- **RAW DATA**:
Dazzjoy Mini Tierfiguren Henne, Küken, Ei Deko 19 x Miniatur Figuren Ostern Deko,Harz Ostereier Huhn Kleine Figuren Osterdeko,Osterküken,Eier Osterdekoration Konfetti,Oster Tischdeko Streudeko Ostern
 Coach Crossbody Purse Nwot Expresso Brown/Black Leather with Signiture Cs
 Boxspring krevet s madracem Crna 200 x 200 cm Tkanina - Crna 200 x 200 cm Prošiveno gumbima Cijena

- **EXERCISE REQUIREMENTS**: Please output every line shown above exactly.

- **PROBLEM SOLUTION**:
Dazzjoy Mini Tierfiguren Henne, Küken, Ei Deko 19 x Miniatur Figuren Ostern Deko,Harz Ostereier Huhn Kleine Figuren Osterdeko,Osterküken,Eier Osterdekoration Konfetti,Oster Tischdeko Streudeko Ostern
 Coach Crossbody Purse Nwot Expresso Brown/Black Leather with Signiture Cs
 Boxspring krevet s madracem Crna 200 x 200 cm Tkanina - Crna 200 x 200 cm Prošiveno gumbima Cijena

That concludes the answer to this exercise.